Despite the clear opposition of some member states, including Malta and the Netherlands in the Eurozone and others like the UK, Sweden and Denmark outside, the nine member states, which include Germany, France and Italy, want a first reading of the new tax law by the end of this June.

Sources close to the presidency said this “unusual request” to fast-track a Commission proposal could indicate that the nine countries would still like to move on with this tax even if not all the member states agreed.

“Knowing that there will never be consensus on the current text, with Malta and the Netherlands clearly opposed to this proposal, this initiative signals that these eurozone member states are even prepared to launch this legislation alone under the enhanced cooperation mechanism,” the sources said.

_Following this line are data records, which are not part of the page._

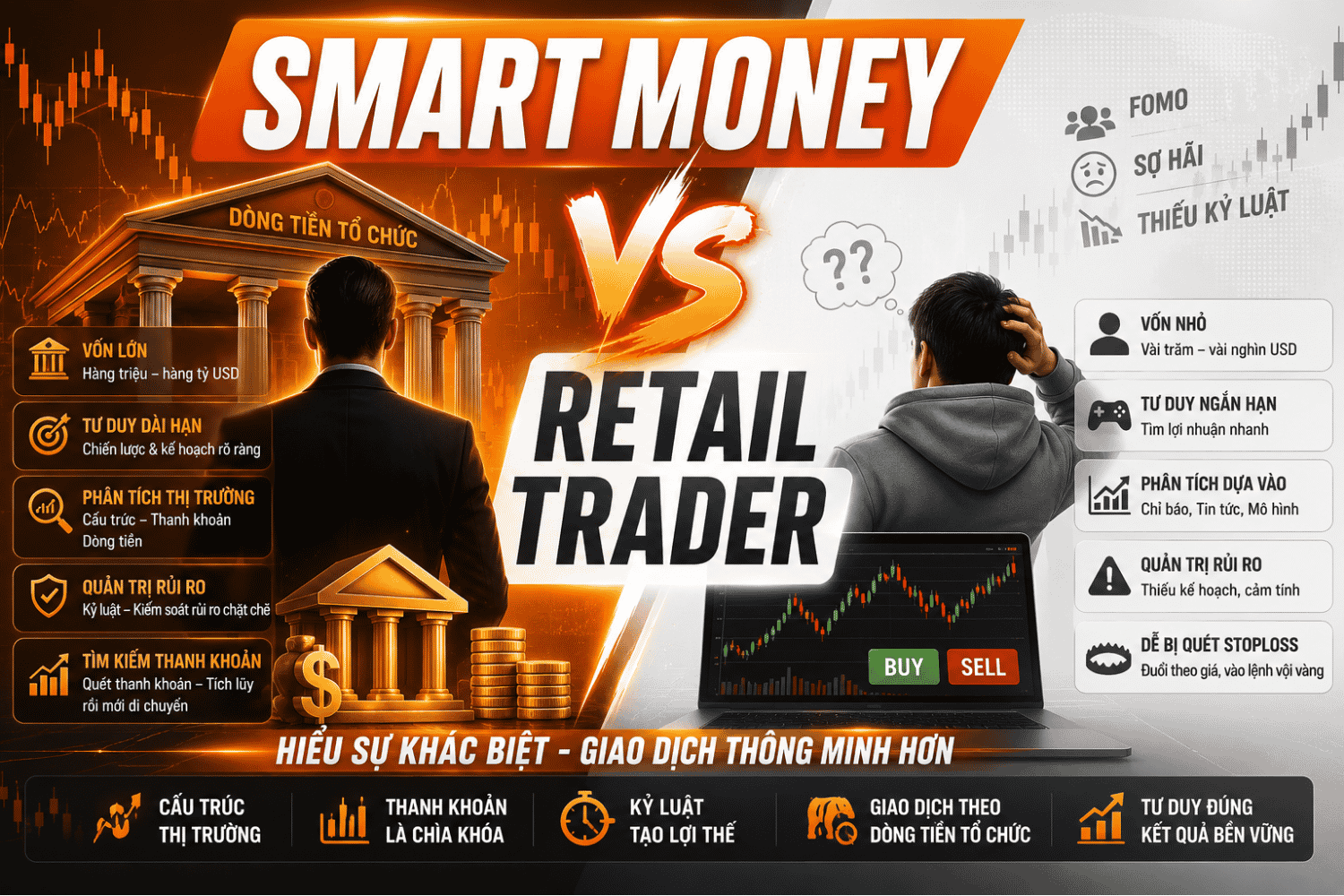 Smart Money vs Retail Trader: 12 Điểm Khác Biệt Quan Trọng Bạn Cần Biết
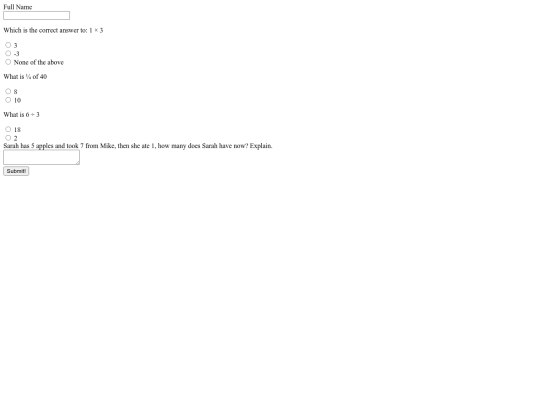 math-test screenshot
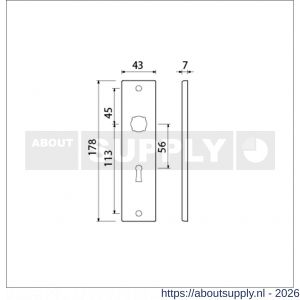 Ami 178/43 kortschild aluminium sleutelgat SLG 56 F1 - S10900538 - afbeelding 2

Enhanced cooperation is a procedure whereby a minimum of nine are allowed to establish advanced cooperation in an area within but without the other members being involved.

This mechanism is already being used in the fields of divorce law and patents. In both cases Malta decided to join.

In their letter, the finance ministers of Germany, France, Italy, Spain, Belgium, Austria, Portugal, Finland and Greece urged the Danish EU Council presidency to “accelerate” work on introducing a financial transaction tax.

“We support fully in principle the draft directive presented by the Commission in September 2011 and express our strong conviction that a financial transaction tax is necessary at EU level both to ensure that the financial sector makes a fair contribution to the cost of the financial crisis and to improve financial market regulation”, the letter states.

The finance ministers said that their citizens shared their conviction, “which justifies the Council’s work being speeded up so as to complete a first reading of the draft directive during the first half of 2012”.

In an immediate cautious reaction, the Danish EU presidency said it welcomed the initiative but simply announced that it “is looking into how to respond to this request at technical level”.

Like Malta, Denmark fears that an FTT introduced only at an EU level would encourage financial services companies and banks to move to other jurisdictions to avoid paying the tax.

The Commission is proposing that EU member states will start imposing a tax of 0.1 per cent on trading in shares and bonds and 0.01 per cent on derivatives transactions.